- **Problem statement**: Please retype, word for word, the line containing "All Terrain Folding" and every line after it through the end of the records, leaving out all pictures.

--

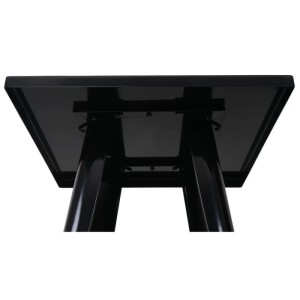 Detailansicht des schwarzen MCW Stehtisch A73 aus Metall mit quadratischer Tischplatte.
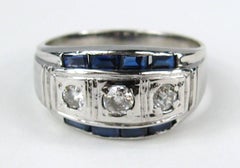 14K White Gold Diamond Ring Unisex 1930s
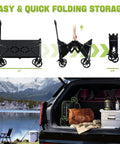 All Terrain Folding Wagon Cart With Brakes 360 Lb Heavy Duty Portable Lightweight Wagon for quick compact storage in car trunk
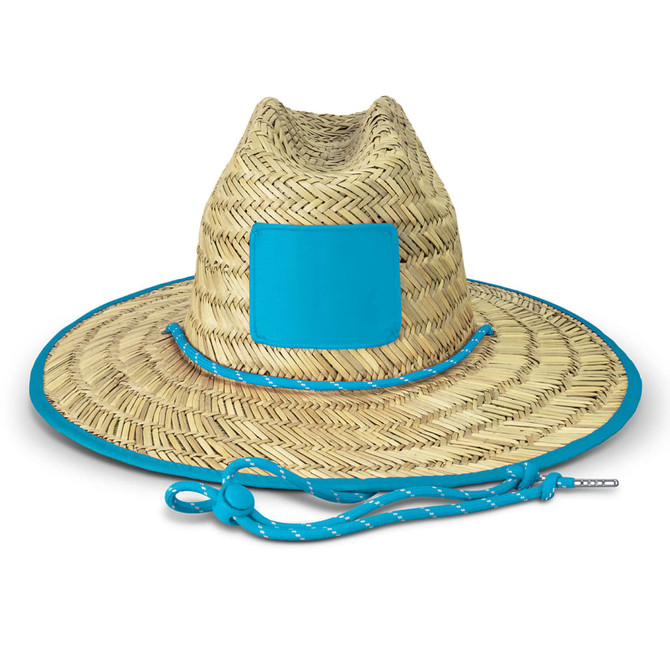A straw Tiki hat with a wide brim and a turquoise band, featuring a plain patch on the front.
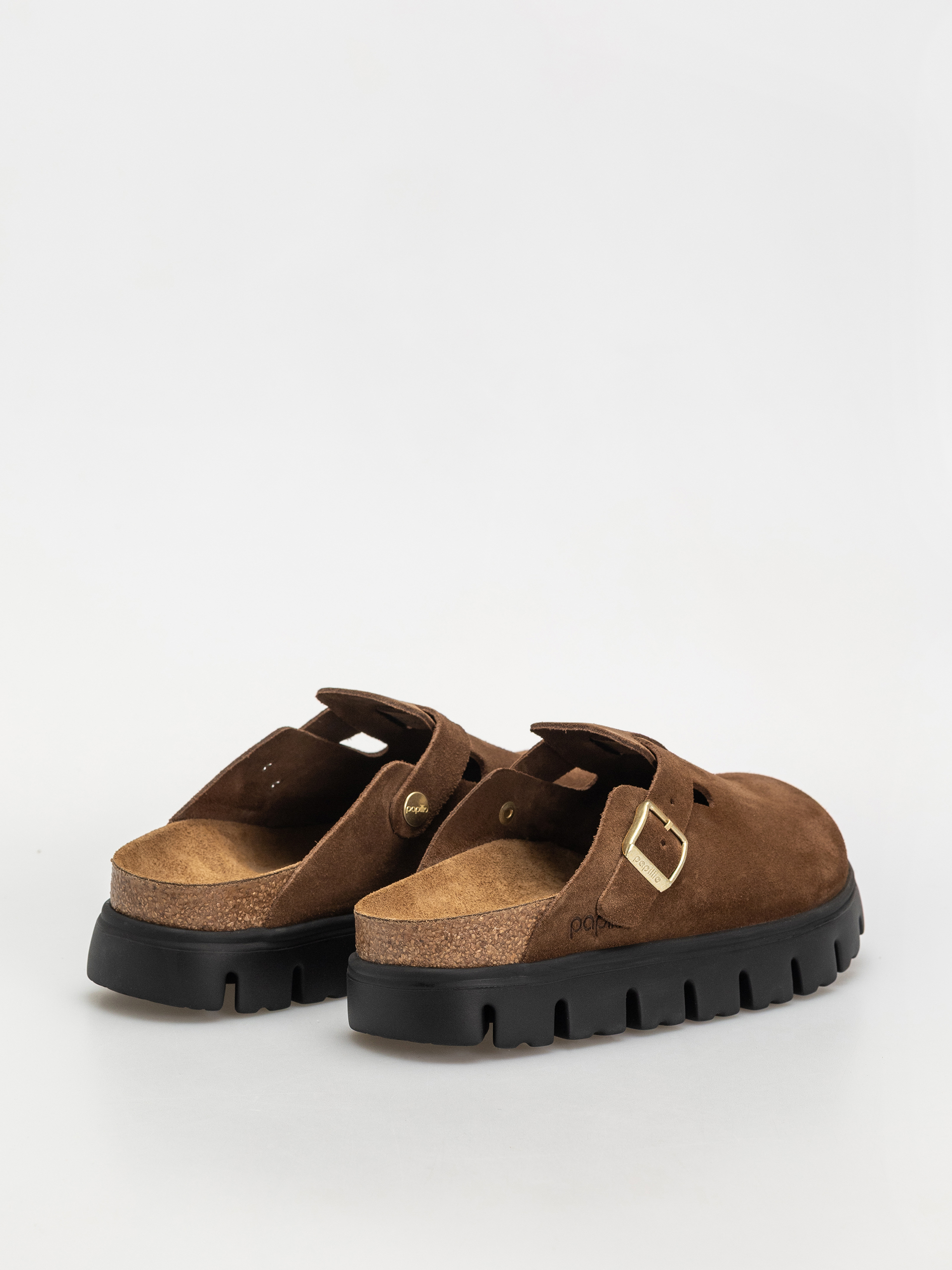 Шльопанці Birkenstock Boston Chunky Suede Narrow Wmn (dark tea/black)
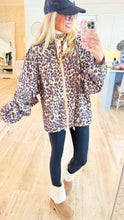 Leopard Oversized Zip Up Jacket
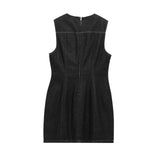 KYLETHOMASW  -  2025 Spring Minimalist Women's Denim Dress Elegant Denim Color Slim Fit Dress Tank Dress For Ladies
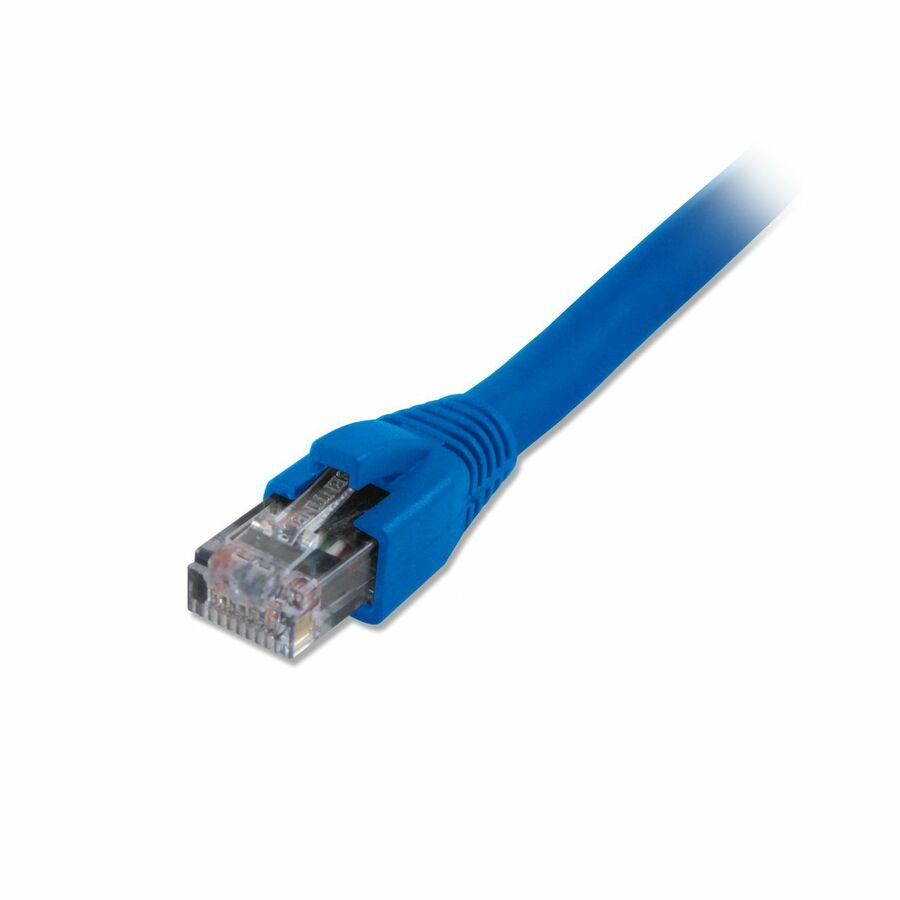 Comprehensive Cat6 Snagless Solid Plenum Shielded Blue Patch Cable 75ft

--

- **Your solution**:
 All Terrain Folding Wagon Cart With Brakes 360 Lb Heavy Duty Portable Lightweight Wagon for quick compact storage in car trunk
A straw Tiki hat with a wide brim and a turquoise band, featuring a plain patch on the front.
 Шльопанці Birkenstock Boston Chunky Suede Narrow Wmn (dark tea/black)
 Leopard Oversized Zip Up Jacket
 KYLETHOMASW  -  2025 Spring Minimalist Women's Denim Dress Elegant Denim Color Slim Fit Dress Tank Dress For Ladies
 Comprehensive Cat6 Snagless Solid Plenum Shielded Blue Patch Cable 75ft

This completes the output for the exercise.